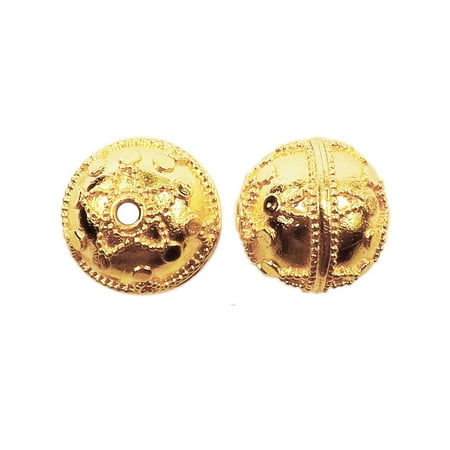 Bali Style Vermeil Beads - 18K Gold Overlay Bali Bead BG-108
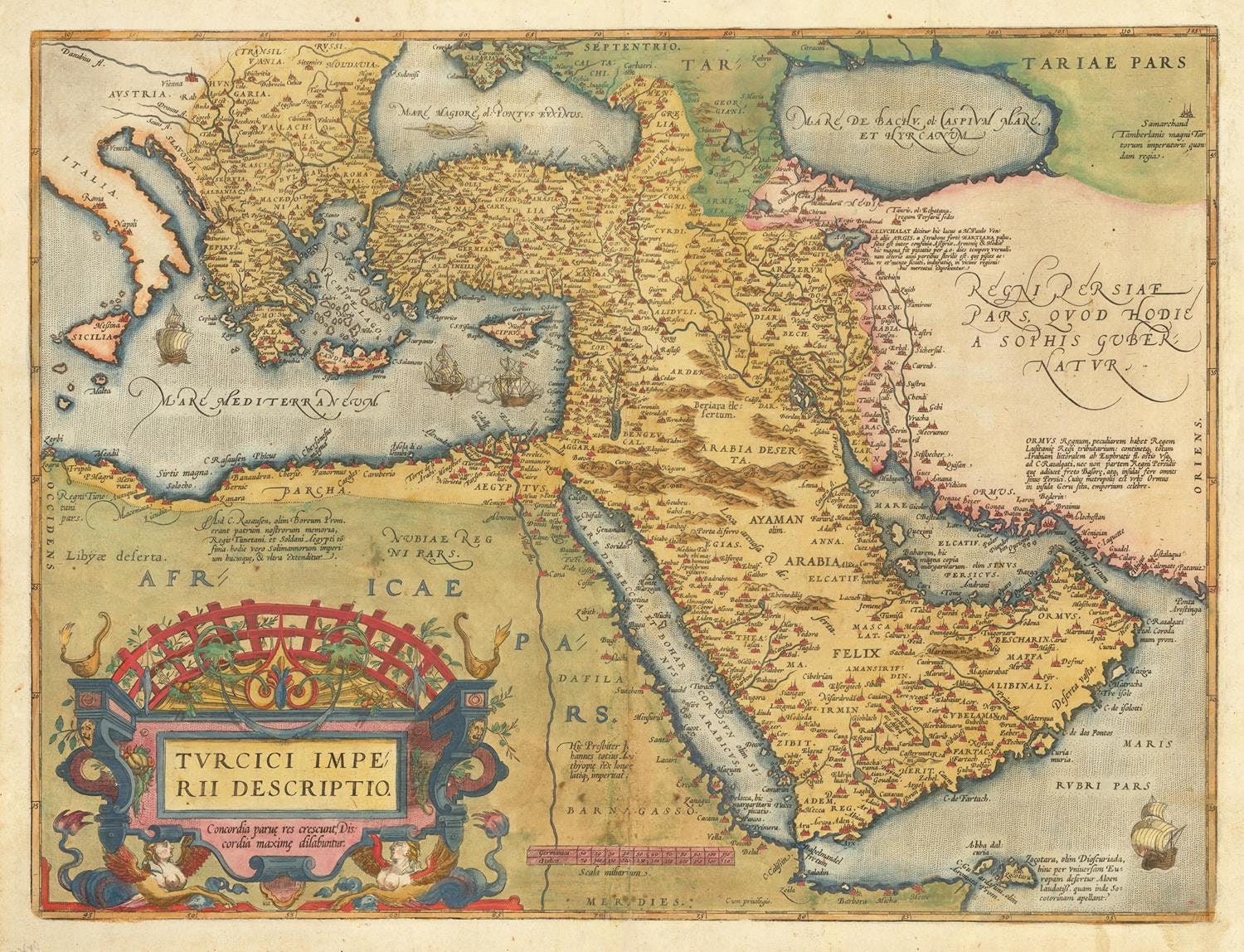 Old map of Ottoman Empire 1571 very rare map ancient fine | Etsy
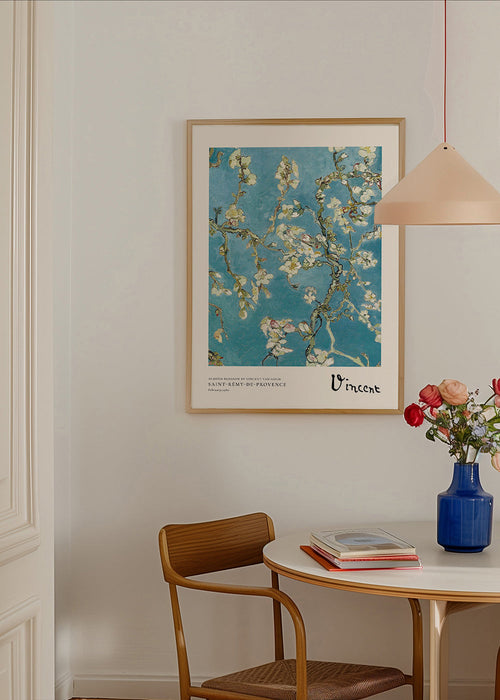 Botanisk plakat mandelgrene på blå baggrund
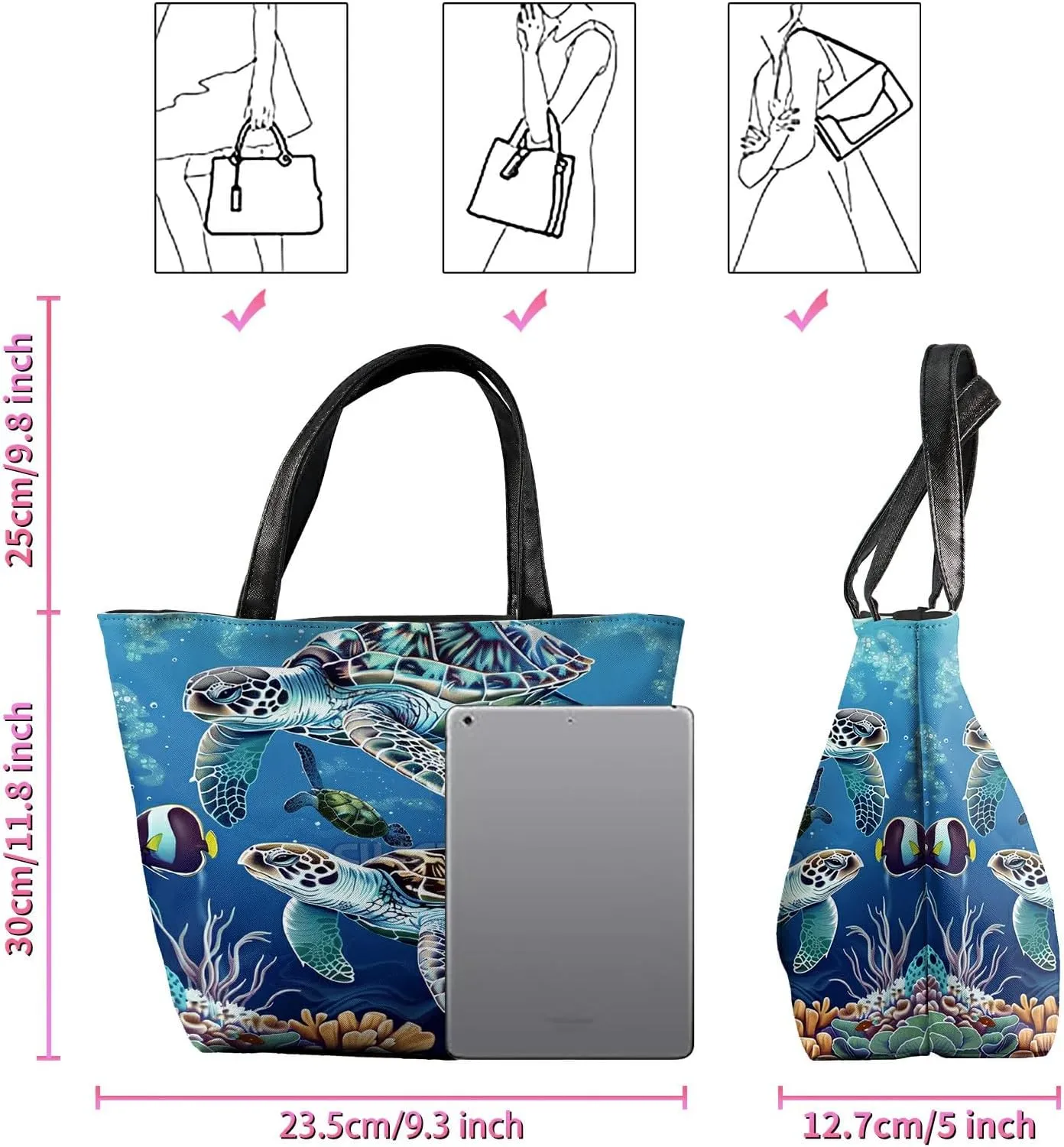 Travel Tote Bags Leather Purses for Women, Shoulder Bag with Zipper, Top Handle Ladies Shoulder Bags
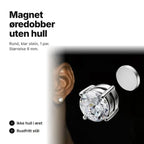Magnet øredobber uten hull – rund, klar stein, størrelse 6 mm, 1 par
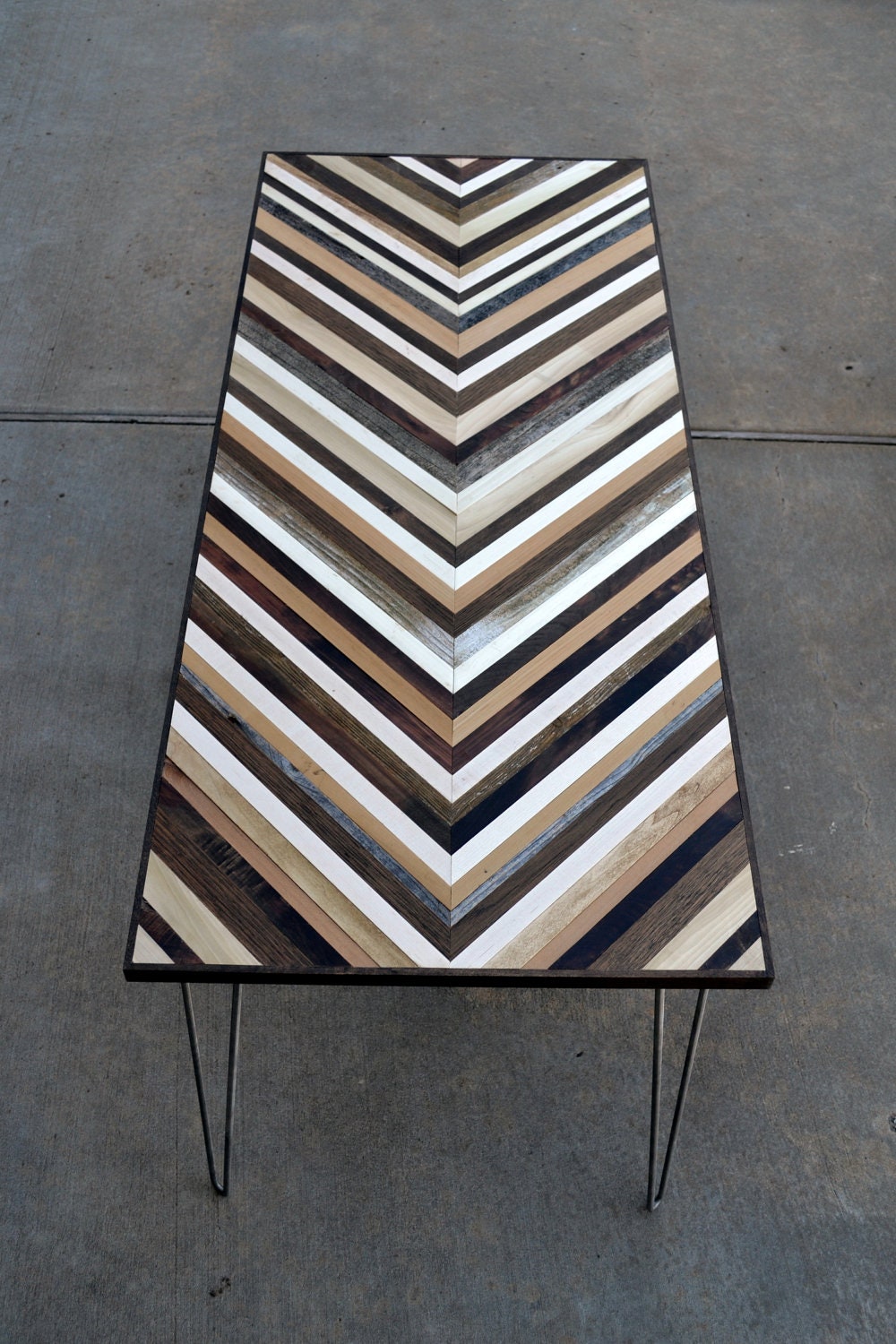 Chevron Desk with Hairpin legs - Wood Table - Reclaimed Wood table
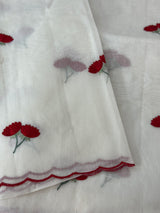 Mul chanderi embriodery saree with scalloped borders MSH115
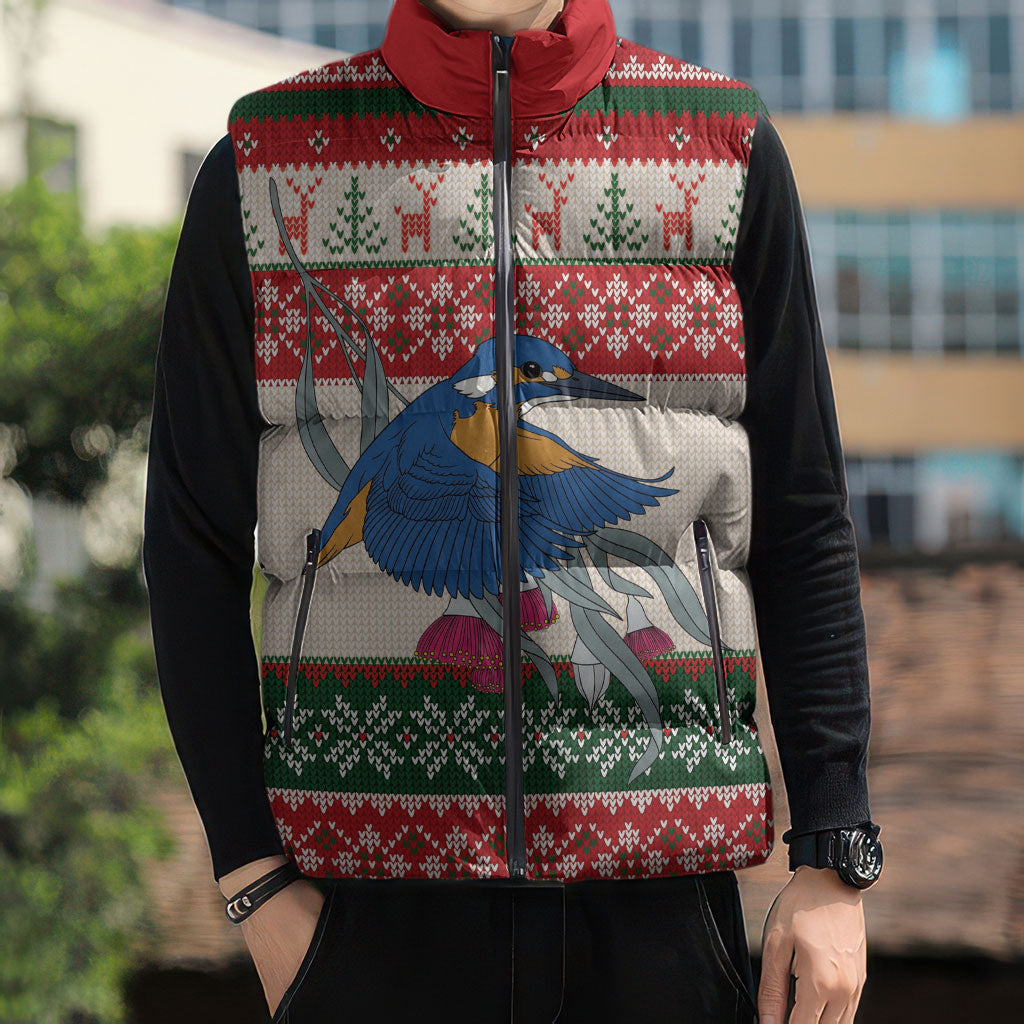 Aussie Kingfisher Bird Christmas Sleeveless Puffer Jacket Festive Knitted Pattern Inspired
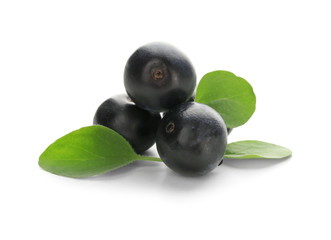 Fresh acai berries, isolated on white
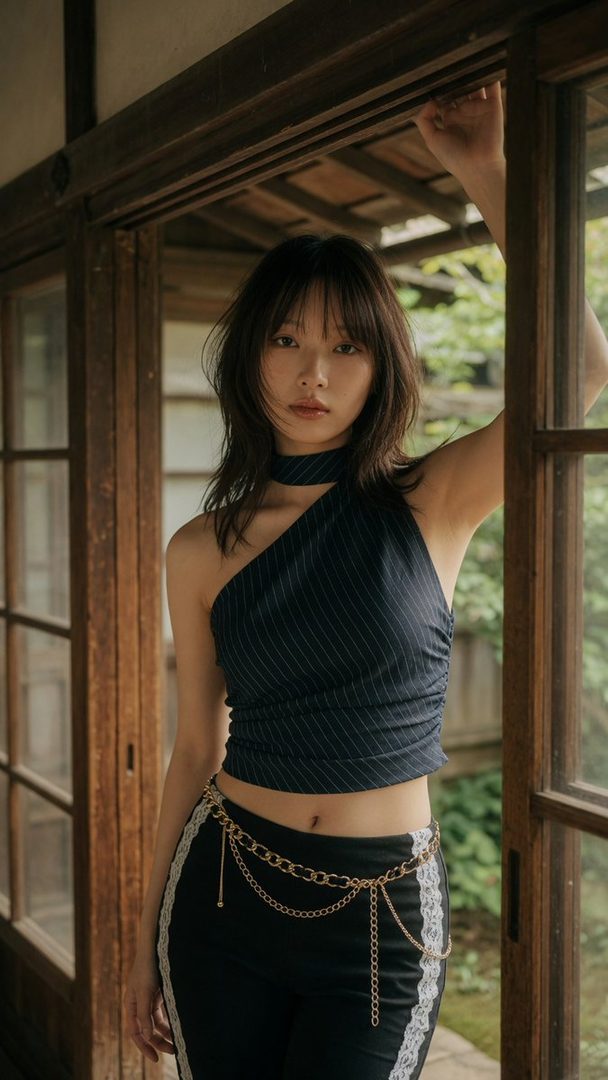 A young East Asian woman with brown hair and bangs wears a pinstriped one-shoulder crop top and black pants with a gold chain belt, posing in a traditional wooden doorway.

....

→ Exercise: Go to the line containing "Chevron Desk with", then write out word for word every line from there to the end of the listing. Keep both end lines and drop the pictures.

→ Solution:
 Chevron Desk with Hairpin legs - Wood Table - Reclaimed Wood table
 Mul chanderi embriodery saree with scalloped borders MSH115
 Aussie Kingfisher Bird Christmas Sleeveless Puffer Jacket Festive Knitted Pattern Inspired
 Fresh acai berries, isolated on white
 A young East Asian woman with brown hair and bangs wears a pinstriped one-shoulder crop top and black pants with a gold chain belt, posing in a traditional wooden doorway.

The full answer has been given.